International Association for Cryptologic Research

International Association
for Cryptologic Research

CryptoDB

Barbara Jiabao Benedikt

Publications and invited talks

Year
Venue
Title
2025
ASIACRYPT
The Order of Hashing in Fiat-Shamir Schemes
Barbara Jiabao Benedikt Marc Fischlin
Fiat-Shamir signatures replace the challenge in interactive identification schemes by a hash value over the commitment, the message, and possibly the signer’s public key. This construction paradigm is well known and widely used in cryptography, for example, for Schnorr signatures and CRYSTALS-Dilithium. There is no “general recipe” for constructing Fiat-Shamir signatures regarding the inputs and their order for the hash computation, though, since the hash function is usually modeled as a monolithic random oracle.
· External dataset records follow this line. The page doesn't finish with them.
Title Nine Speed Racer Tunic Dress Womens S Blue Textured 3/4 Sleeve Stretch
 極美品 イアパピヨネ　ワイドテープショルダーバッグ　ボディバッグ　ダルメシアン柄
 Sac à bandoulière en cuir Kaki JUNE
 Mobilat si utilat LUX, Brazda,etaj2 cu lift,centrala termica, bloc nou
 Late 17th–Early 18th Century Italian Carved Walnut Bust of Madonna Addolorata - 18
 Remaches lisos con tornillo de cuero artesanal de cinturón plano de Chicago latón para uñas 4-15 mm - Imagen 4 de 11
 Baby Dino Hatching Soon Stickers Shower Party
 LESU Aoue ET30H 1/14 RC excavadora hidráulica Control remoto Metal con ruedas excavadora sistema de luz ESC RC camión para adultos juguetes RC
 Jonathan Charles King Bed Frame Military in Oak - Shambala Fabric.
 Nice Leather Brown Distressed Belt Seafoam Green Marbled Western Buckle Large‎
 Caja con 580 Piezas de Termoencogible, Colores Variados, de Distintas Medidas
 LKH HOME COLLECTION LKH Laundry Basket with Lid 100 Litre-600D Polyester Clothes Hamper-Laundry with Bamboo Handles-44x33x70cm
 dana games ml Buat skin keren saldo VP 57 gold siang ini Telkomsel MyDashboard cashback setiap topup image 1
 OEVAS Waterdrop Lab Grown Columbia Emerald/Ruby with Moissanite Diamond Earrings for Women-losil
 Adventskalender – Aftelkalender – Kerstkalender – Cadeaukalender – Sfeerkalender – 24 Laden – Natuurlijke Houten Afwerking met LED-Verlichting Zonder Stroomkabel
In practice, however, the hash function is based on the Merkle-Damgård or the sponge design. Our work investigates whether there are advisable or imprudent input orders for hashing in Fiat-Shamir signatures. We examine Fiat-Shamir signatures with plain and nested hashing using Merkle-Damgård or sponge-based hash functions. We analyze these constructions in both classical and quantum settings. As part of our investigations, we introduce new security properties following the idea of quantum-annoyance of Eaton and Stebila (PQCrypto 2021), called annoyance for user exposure and signature forgeries. These properties ensure that an adversary against the hash function cannot gain a significant advantage when attempting to extend a successful attack on a single signature forgery to multiple users or to multiple forgeries of a single user. Instead, the adversary must create extra forgeries from scratch. Based on our analysis, we derive a simple rule: When using Fiat-Shamir signatures, one should hash the commitment before the message; all other inputs may be ordered arbitrarily.
2022
ASIACRYPT
Nostradamus goes Quantum 📺
Barbara Jiabao Benedikt Marc Fischlin Moritz Huppert
In the Nostradamus attack, introduced by Kelsey and Kohno (Eurocrypt 2006), the adversary has to commit to a hash value y of an iterated hash function H such that, when later given a message prefix P, the adversary is able to find a suitable "suffix explanation" S with H(P||S)=y. Kelsey and Kohno show a herding attack with $2^{2n/3}$ evaluations of the compression function of H (with n bits output and state), locating the attack between preimage attacks and collision search in terms of complexity. Here we investigate the security of Nostradamus attacks for quantum adversaries. We present a quantum herding algorithm for the Nostradamus problem making approximately $\sqrt[3]{n}\cdot 2^{3n/7}$ compression function evaluations, significantly improving over the classical bound. We also prove that quantum herding attacks cannot do better than $2^{3n/7}$ evaluations for random compression functions, showing that our algorithm is (essentially) optimal. We also discuss a slightly less tight bound of roughly $2^{3n/7-s}$ for general Nostradamus attacks against random compression functions, where s is the maximal block length of the adversarially chosen suffix S.